[DATASET — start]

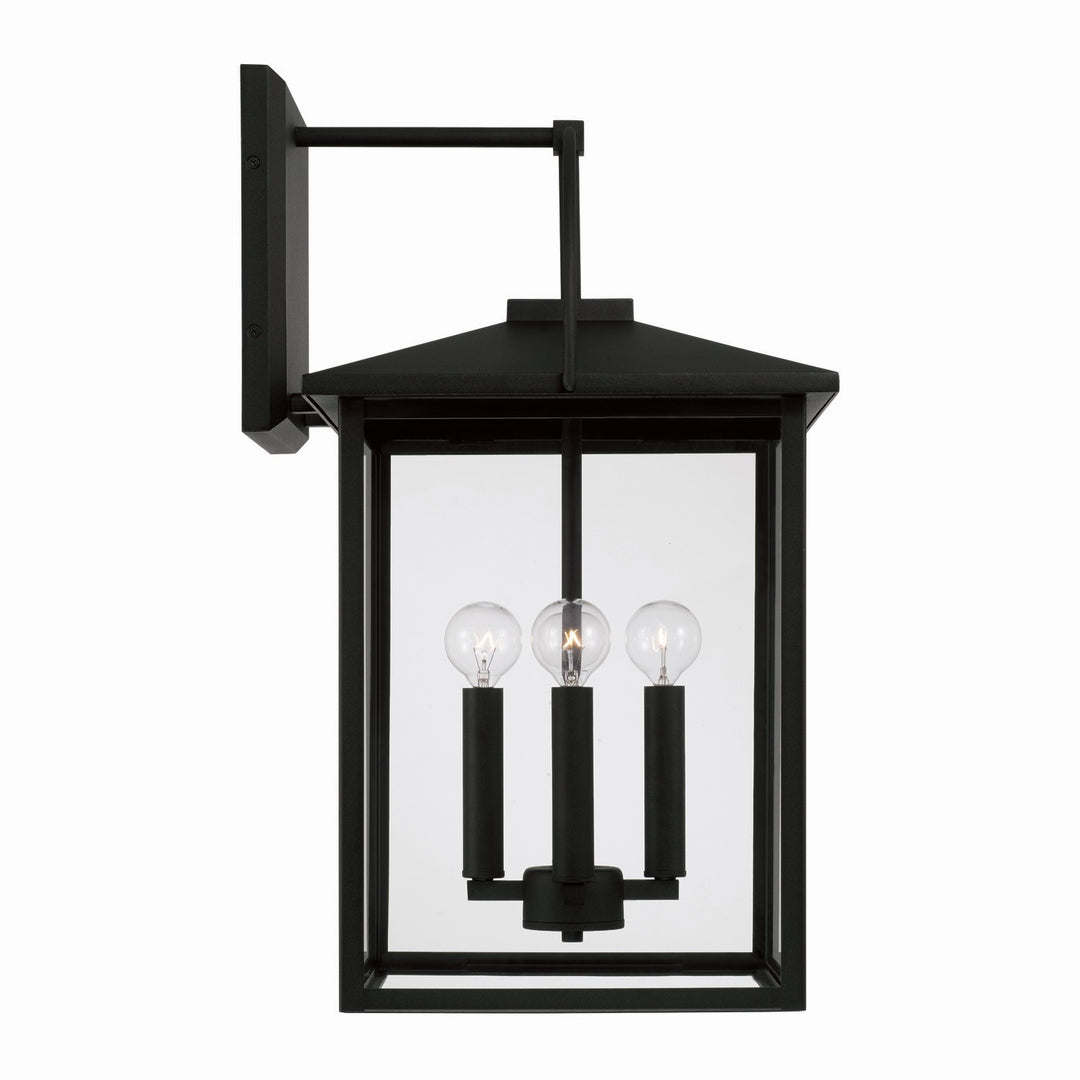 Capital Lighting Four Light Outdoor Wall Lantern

[DATASET — finish]
[DATASET — start]

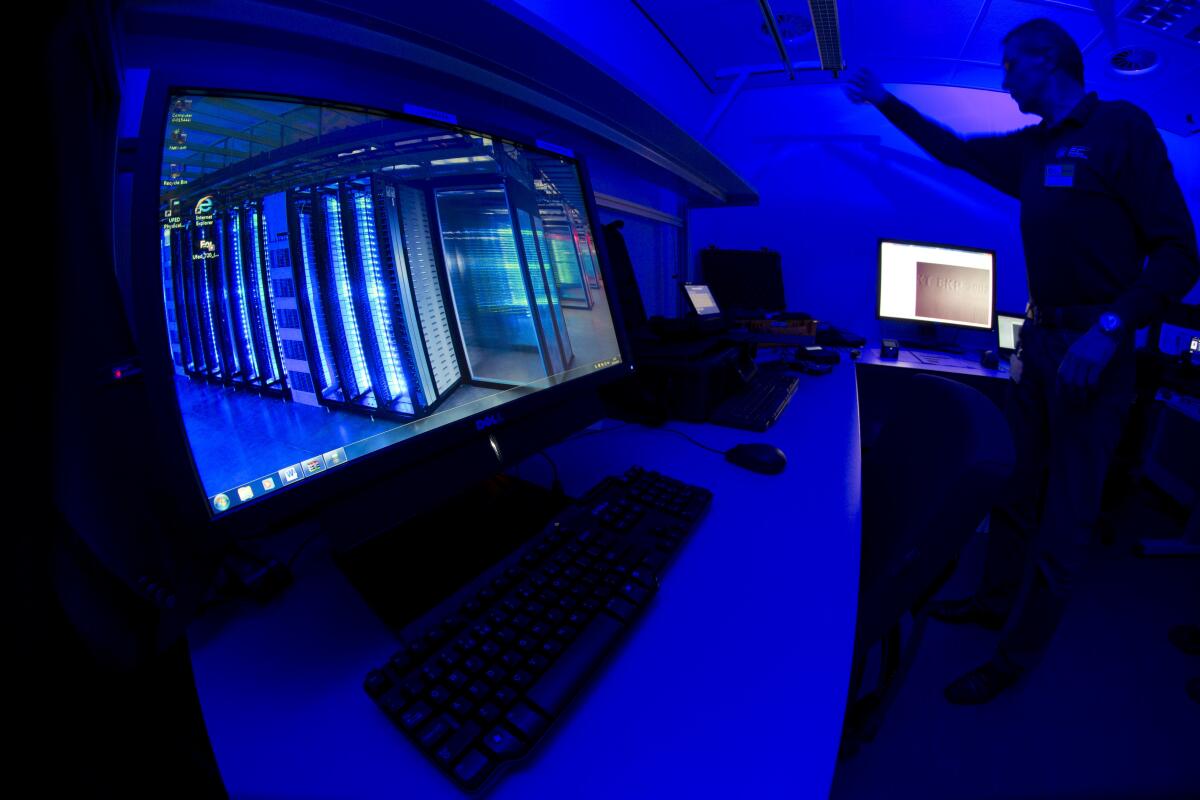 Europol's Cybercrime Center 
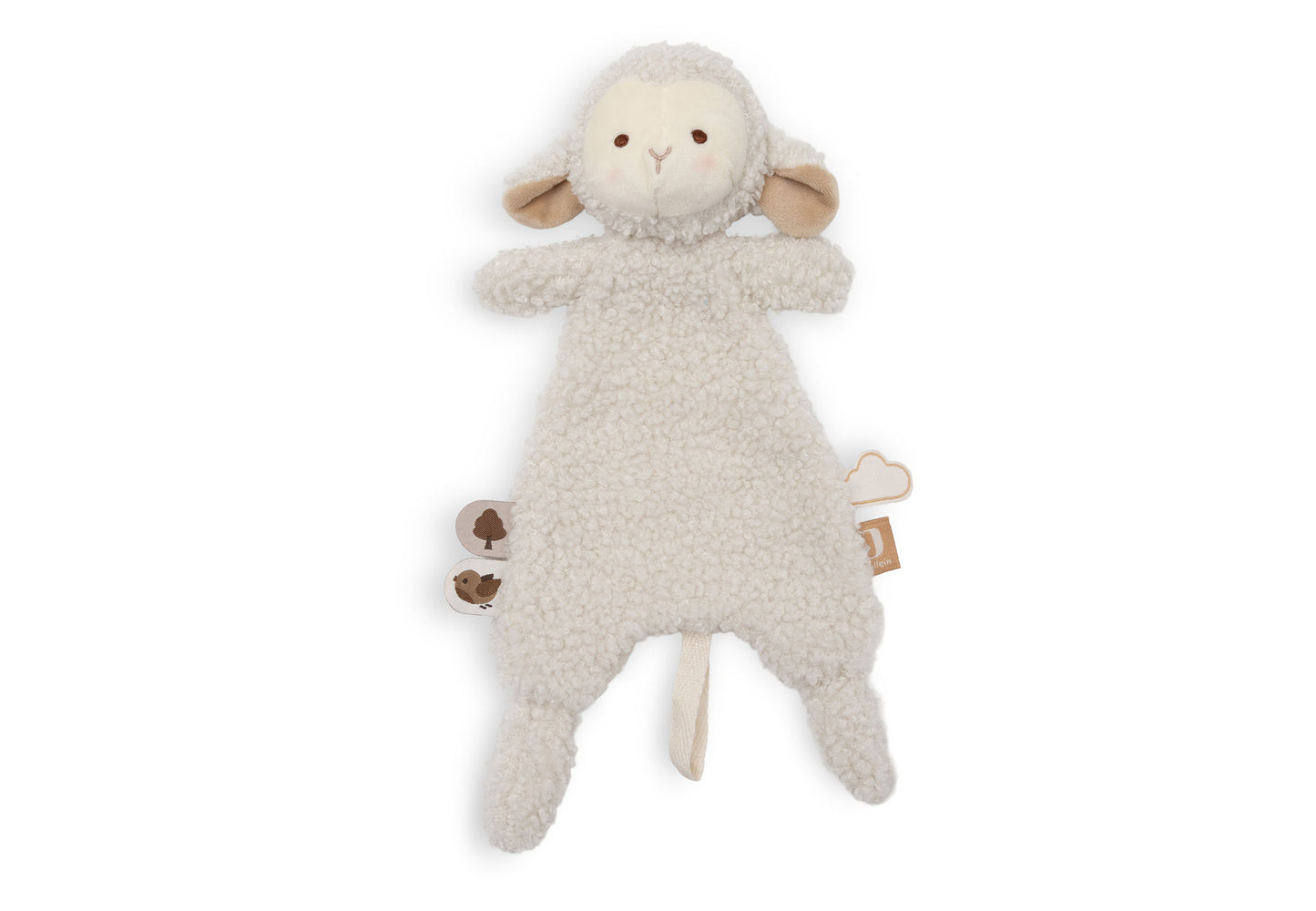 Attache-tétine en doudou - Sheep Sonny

[DATASET — finish]

*TASK GOAL*. Please return the material above only from the line that holds "Europol's Cybercrime Center" through the line that holds "Attache-tétine en doudou - Sheep Sonny", exactly as it stands, ends included and pictures omitted.

*SOLUTION TO THE PROBLEM*.
 Europol's Cybercrime Center 
 Attache-tétine en doudou - Sheep Sonny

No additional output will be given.